Ainda que não revestida de natureza constitucional, a supralegalidade da Convenção Americana de Direitos Humanos alça suas disposições a um patamar normativo superior àquele ocupado pelas disposições da Lei 6.683/89. A antinomia entre ambas pode ser resolvida por meio do emprego do critério hierárquico: lex superior derogat inferiori. Assim, prevaleceria a norma hierarquicamente superior — qual seja, a Convenção Americana de Direitos Humanos (NETO, 2014).

Não fosse suficiente a incompatibilidade frente à Convenção Americana de Direitos Humanos, a Lei de Anistia revela-se material e originariamente inconstitucional, não apresentando qualquer valor jurídico o suposto perdão criminal aos agentes públicos que cometeram violações a direitos humanos (WEICHERT, 2010, p. 62-103).

O Brasil foi condenado na Corte Interamericana de Direitos Humanos a processar, condenar e punir os agentes públicos violadores dos Direitos humanos pelos crimes que cometeram. Dessa forma, o Estado Brasileiro tem por obrigação rever a Lei 6.683/79 (Lei de Anistia), que não pode funcionar como mecanismo de impunidade aos crimes contra humanidade cometidos à época. Em suma, em relação aos outros países do Cone Sul, o Brasil teve uma excepcional política de Justiça Transicional, que por ventura de uma Lei da Anistia ainda vigente, vê impossibilitado o julgamento e responsabilização desses agentes pelos crimes e violações aos direitos humanos.

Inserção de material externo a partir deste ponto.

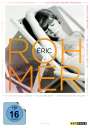 Eric Rohmer: Best of Eric Rohmer, DVD,DVD,DVD,DVD,DVD,DVD,DVD,DVD,DVD,DVD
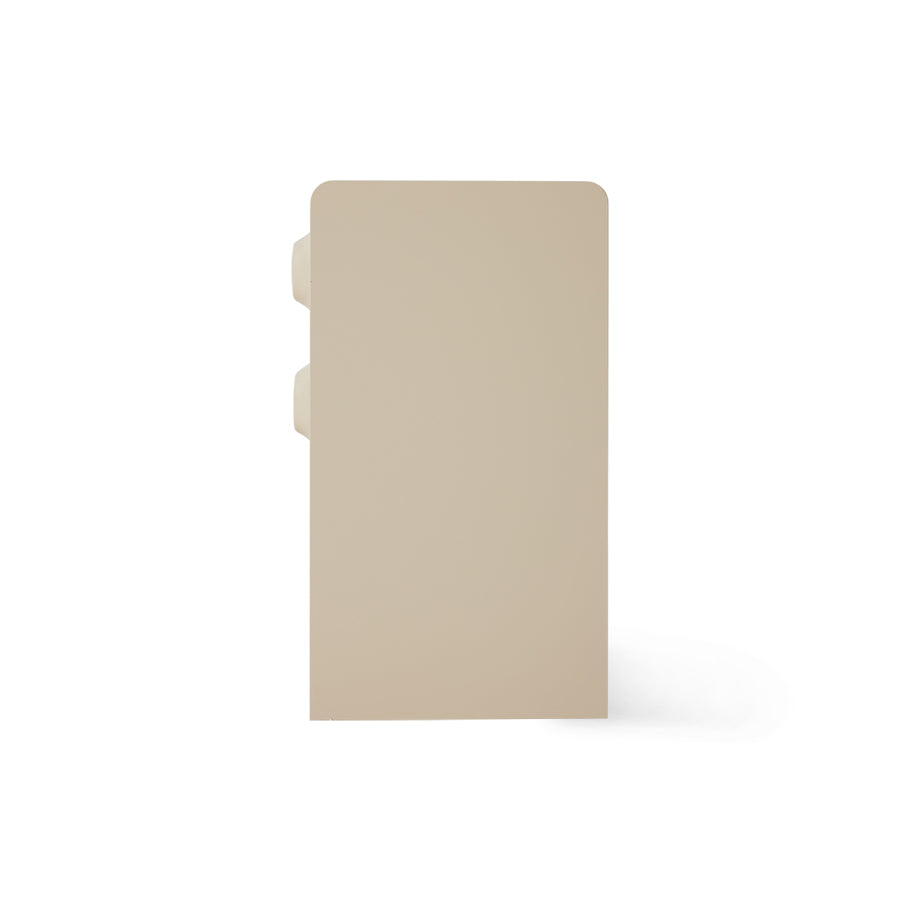 Table-de-nuit-Space-hk-living 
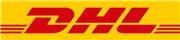 DHL eCommerce Solutions (Thailand) Limited's logo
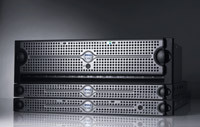 Dell startet neue Storage-Array-Serie
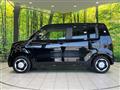 2024 Honda N-WGN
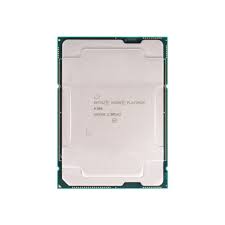پردازنده سرور اچ پی 8380 Intel Xeon Platinum 2 پردازنده سرور اچ پی 8380 Intel Xeon Platinum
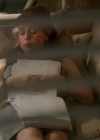 Bestandsnaam=Charmed-Online-dot-net_Mistresses1x10IndecentProposals0536.jpg
Bestandsgrootte=22KiB
Afmetingen = 720x404
Datum toegevoegd = okt 29, 2013 Charmed-Online-dot-net_Mistresses1x10IndecentProposals0536.jpg
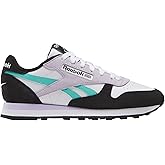 Reebok Classic Leather Sneakers for Men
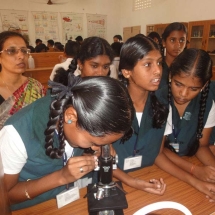science9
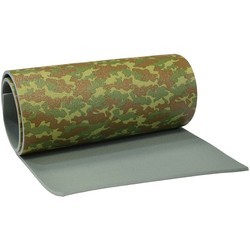 Royokamp 1011288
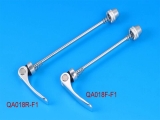 Quick Release (Quick Release)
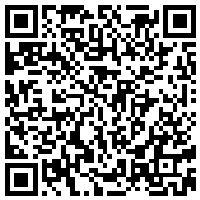 QR Code for bitcoin:bitcoin:bitcoin:bitcoin:bitcoin:bitcoin:litecoin:LUAXQXAKRL1Xyi5GSYf2MhyEGEN2v15Piu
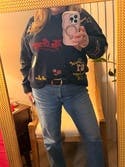 review thumbnail images 5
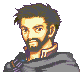 Refanbeard
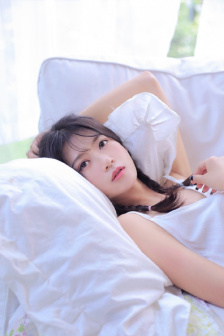 欧做爰XXXⅩ极品少妇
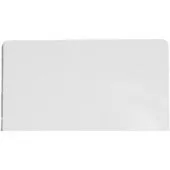 Бесконтактная карта ZKTeco ID Thin Card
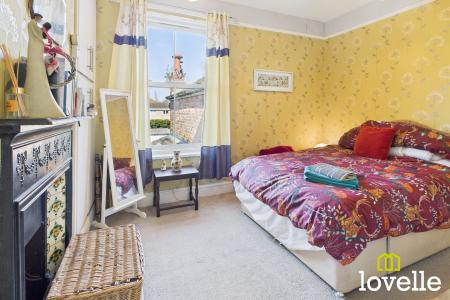 3 bedroom Terraced House for sale in Marlborough Avenue, Kingston upon Hull, HU5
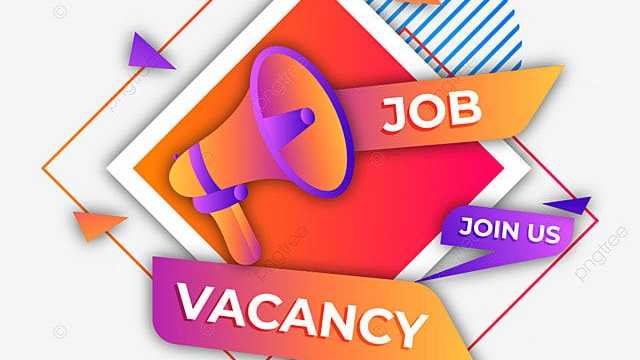 Office Administrator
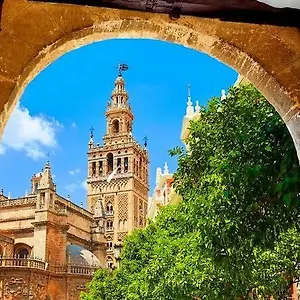 Hub Siviglia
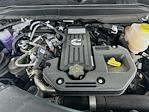 New 2026 Ram 5500 Regular Cab 84 CA Cab Chassis for sale #260955 - photo 17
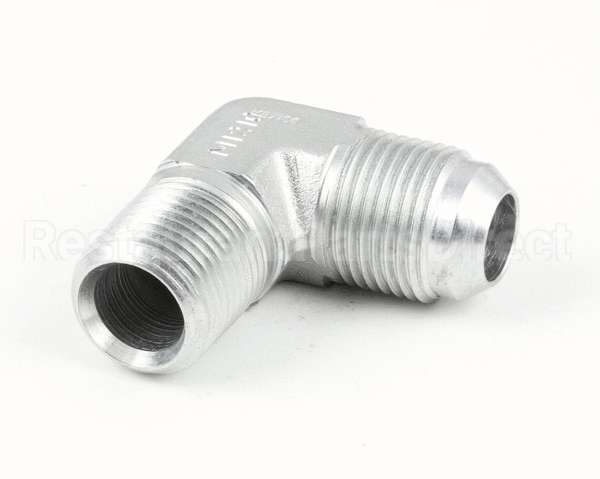 16336 Henny Penny Elbow Male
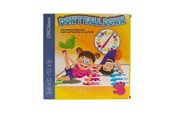 Brettspill & Puslespill - Amo Games Don't fall down game - 207026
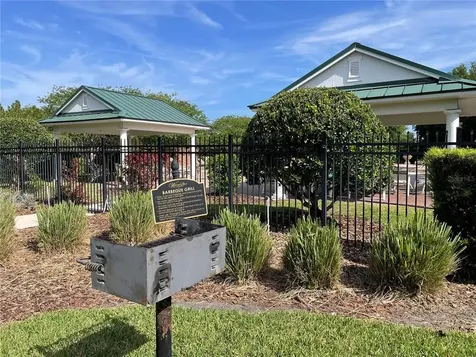 10024 Madison Banks Street Orlando FL 32827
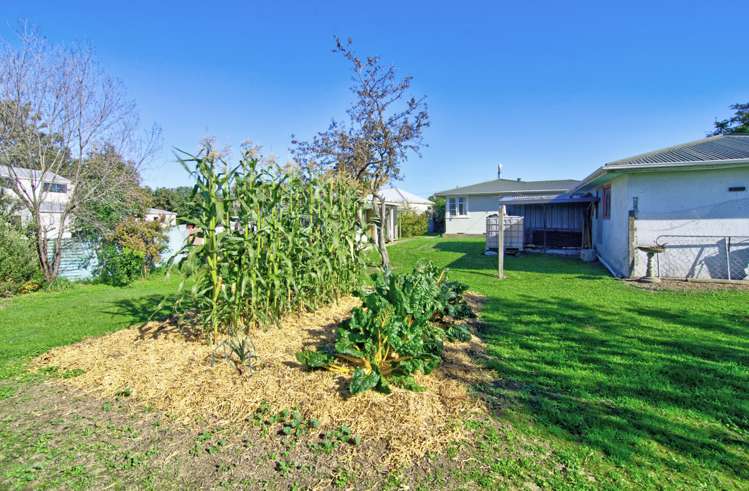 15 Johnstone Street Masterton_14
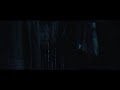 Insidious The Last Key Horror Scene Movie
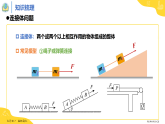 人教版高中物理高一上册（必修一）4.6.2、专题：连接体问题课件ppt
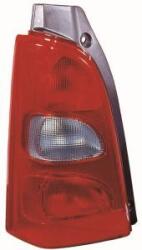 DEPO Lampa spate DEPO 218-1940L-LD-UE (218-1940L-LD-UE) - automobilus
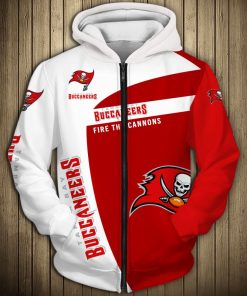 tampa bay buccaneers crewneck sweatshirt, tampa bay buccaneers hoodie, tampa bay buccaneers hoodie amazon, tampa bay buccaneers hoodie nike, tampa bay buccaneers mens hoodie, tampa bay buccaneers pullover, tampa bay buccaneers sweatshirt, tampa bay buccaneers women's sweatshirt, tampa bay buccaneers youth hoodie, tampa bay buccaneers zip up hoodie, tampa bay bucs hoodie, tampa bay bucs sweatshirt, tampa bay hoodie, vintage tampa bay buccaneers sweatshirt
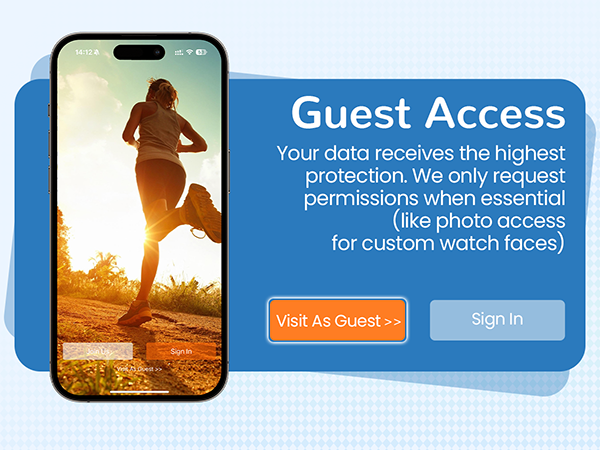 smart watch for kids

Admitir o contrário seria ignorar os princípios constitucionais da dignidade da pessoa humana, elemento nuclear de nosso sistema constitucional e do próprio direito internacional dos direitos humanos. A interpretação da Lei de Anistia que inclui, em seu âmbito de proteção, os agentes do Estado não passa no teste do controle de convencionalidade. Por isso, ainda que o Supremo Tribunal Federal não reveja a decisão proferida na ADPF 153, os juízes competentes podem julgar ações penais ajuizadas contra agentes públicos que cometeram crimes contra os direitos humanos durante o regime militar.

Por fim, é preciso sempre lembrar o período da ditadura no País, bem como os tantos outros episódios que ainda hoje marcam nossa história com práticas políticas e policiais de abuso de poder. Conforme Galeano (2009), “o esquecimento, diz o poder, é o preço da paz, [...] uma paz fundada na aceitação da injustiça como normalidade cotidiana” (2009, p. 214). Que nunca aceitemos este tipo de paz.